The MDC1 TQXF motifs are ATM targets required for 53BP1 IRIF. (A) Domain architecture of MDC1, with ATM consensus sites (dots). (B) MDC1 T719 is phosphorylated by ATM in vitro. GST-MDC1679-778 (fMDC1) or GST-MDC1679-778-T719A (fMDC1T719A) were incubated with anti-ATM or pre-immune complexes in the presence or absence of the ATM kinase inhibitor KU55933. (C) MDC1 TQXF motifs are phosphorylated by ATM in vivo. Lysates from U2OS or AT22IJE (AT) cells were immunoblotted with the indicated antibodies. The arrowhead points to phospho-MDC1. (D) The MDC1 TQXF motifs are phosphorylated by ATM in vitro. Kinase reactions with anti-ATM or pre-immune complexes and the following substrates: GST, GST-p531-56 (p53), fMDC1 or GST-MDC1679-778-AQXF (fMDC1AQXF) as in (B). (E-F) The TQXF cluster is required for 53BP1 IRIF. U2OS cells expressing siRNA-resistant GFP-MDC1 (MDC1*) or GFP-MDC1AQXF (MDC1*AQXF) were transfected with siRNA against MDC1 (siMDC1) or luciferase (siCTRL) and post-irradiation (5 Gy) were stained for MDC1 and 53BP1 (E) and quantitated (F; N=4 +/-SD).

Fig. 2

RNF8 promotes 53BP1 IRIF assembly. (A) Ranking by z-score of 500 siRNAs giving the least 53BP1 foci from an ongoing siRNA screen examining 53BP1 focus formation. See Fig. S5 for details. (B) 53BP1 and MDC1 immunofluorescence of U2OS cells transfected with control siRNA (siCTRL) or RNF8 siRNA (siRNF8) and fixed prior (no IR) or 1 hr following 10 Gy irradiation. (C) Quantitation of 53BP1 IRIF in HeLa cells transfected with the indicated esiRNAs (CTRL against luciferase).

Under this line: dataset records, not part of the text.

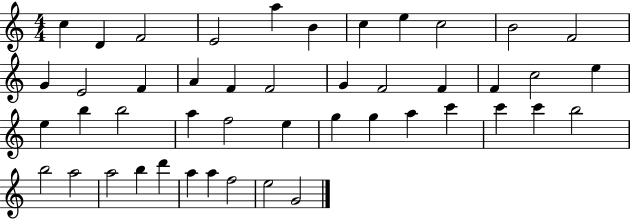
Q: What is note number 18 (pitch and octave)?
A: G4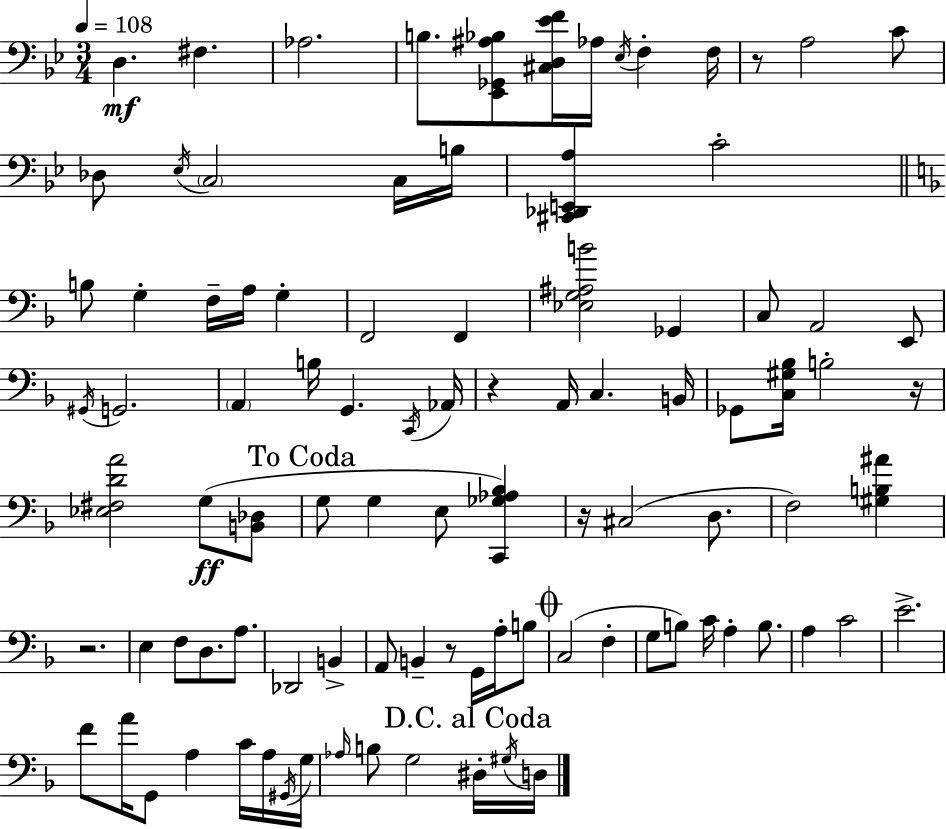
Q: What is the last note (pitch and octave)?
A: D3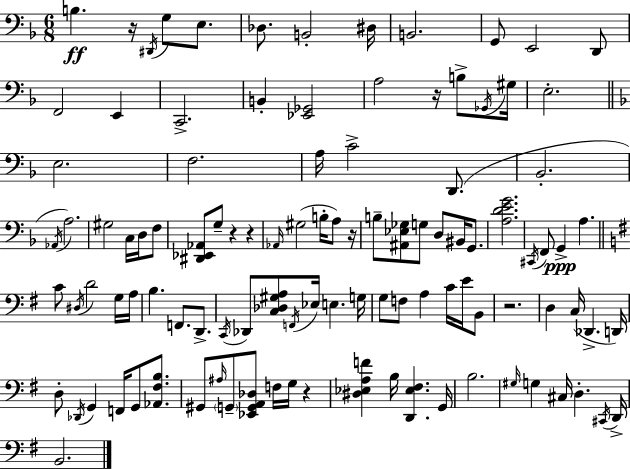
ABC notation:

X:1
T:Untitled
M:6/8
L:1/4
K:F
B, z/4 ^D,,/4 G,/2 E,/2 _D,/2 B,,2 ^D,/4 B,,2 G,,/2 E,,2 D,,/2 F,,2 E,, C,,2 B,, [_E,,_G,,]2 A,2 z/4 B,/2 _G,,/4 ^G,/4 E,2 E,2 F,2 A,/4 C2 D,,/2 _B,,2 _A,,/4 A,2 ^G,2 C,/4 D,/4 F,/2 [^D,,_E,,_A,,]/2 G,/2 z z _A,,/4 ^G,2 B,/4 A,/2 z/4 B,/2 [^A,,_E,_G,]/2 G,/2 D,/2 ^B,,/4 G,,/2 [A,DEG]2 ^C,,/4 F,,/2 G,, A, C/2 ^D,/4 D2 G,/4 A,/4 B, F,,/2 D,,/2 C,,/4 _D,,/2 [C,_D,^G,A,]/2 F,,/4 _E,/4 E, G,/4 G,/2 F,/2 A, C/4 E/4 B,,/2 z2 D, C,/4 _D,, D,,/4 D,/2 _D,,/4 G,, F,,/4 G,,/2 [_A,,^F,B,]/2 ^G,,/2 ^A,/4 G,,/2 [_E,,G,,A,,_D,]/2 F,/4 G,/4 z [^D,_E,A,F] B,/4 [D,,_E,^F,] G,,/4 B,2 ^G,/4 G, ^C,/4 D, ^C,,/4 D,,/4 B,,2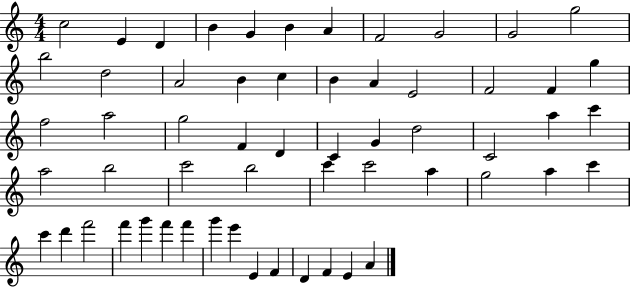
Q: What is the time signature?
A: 4/4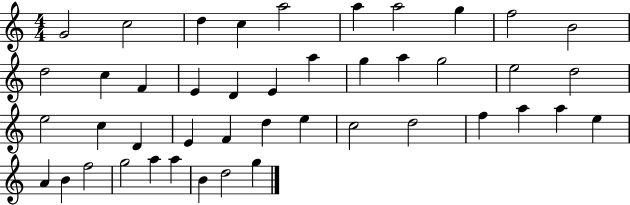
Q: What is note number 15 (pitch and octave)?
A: D4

N=16, data displayed using box-and-whisker plots. (D) Transfection of siRNAi-resistant murine RNF8 in HeLa cells restores 53BP1 IRIF formation caused by RNF8 depletion. (E) Domain architecture of RNF8. Numbering refers to murine RNF8. (F) Rescue of RNF8 depletion by murine RNF8 but not the FHA- (R42A) or RING finger-mutated (C406) mutants. 53BP1 foci were quantitated 1 hr after 10 Gy irradiation in siRNF8-treated cells. Data for wild-type RNF8 were set at 100%. Over 1400 cells per condition were counted.

Fig. 3

RNF8 mediates BRCA1-RAP80 IRIF via a physical interaction with MDC1. (A) Binding curves of GST-RNF8FHA (WT) the R42A mutant obtained by surface plasmon resonance with peptides corresponding to MDC1 epitopes surrounding T719, T752 or their phosphorylated counterparts (pT719 and pT752). (B) Peptide pull-downs of HeLa nuclear extracts with immobilized peptides; phosphorylated (pT) or unphosphorylated (T), encompassing MDC1 T719 or T752 residues. (C) RNF8 interacts with MDC1 in vivo. Extracts from 293T cells mock-transfected (-) or transfected with RNF8-FLAG (WT) or the R42A FHA mutant were immunoprecipitated (IP) with anti-MDC1 (M), anti-FLAG (F) or normal mouse IgG and probed for MDC1 or RNF8-FLAG as indicated. Arrowheads indicate the RNF8-specific signal. Note that RNF8 appears modified when interacting with MDC1. HC, IgG heavy chains. (D) Time-lapse microscopy of 293T cells stably expressing YFP-RNF8 pre-incubated with ATM inhibitor KU55933 or DMSO and treated with the radio-mimetic drug phleomycin (1.5 mg/ml) for the indicated times (min:sec). Three-dimensional image datasets were computationally deconvolved and shown as two-dimensional projections. Scale bar = 10μm. (E-F) Irradiated (10 Gy) HeLa cells transfected with the indicated siRNAs were stained with anti-γH2AX, anti-BRCA1 (D) or anti-RAP80 (E) antibodies 1hr post-IR.

Fig. 4

RNF8 cooperates with UBC13 to mediate ubiquitin IRIF and a functional DDR. (A-B) Irradiated (10 Gy) U2OS cells transfected with the indicated siRNA (A) or esiRNAs (B) were stained with FK2 anti- conjugated ubiquitin and γH2AX antibodies to assess IRIF. Cells were fixed 1 hr post-IR. (C) Clonogenic survival of HeLa cells transfected with siRNAs against ATM (siATM), RNF8 (siRNF8) or a non-targeting control (siCTRL). N=3 +/- SEM. (D) G2/M checkpoint analysis of U2OS cells transfected with the indicated esiRNAs. Fixed mock-treated (No IR) or irradiated (2 Gy) cells were stained with an anti-phospho-histone H3 antibody and propidium iodide (PI). The percentage of mitotic cells was determined by fluorescence-activated cell sorting. (E) Model of RNF8 action at DSBs. RNF8 is recruited by ATM-phosphorylated MDC1 to DSBs where it ubiquitinates an unknown protein (X), recruiting RAP80-BRCA1 and allowing 53BP1 to recognize methylated histones, as suggested by the RNF8-dependent recruitment of the 53BP1 Tudor domain to DSB sites (Fig. S13). Our results also suggest the presence of a MDC1-independent pathway of RNF8 action (dashed line) that mediate 53BP1 and BRCA1 IRIF formation.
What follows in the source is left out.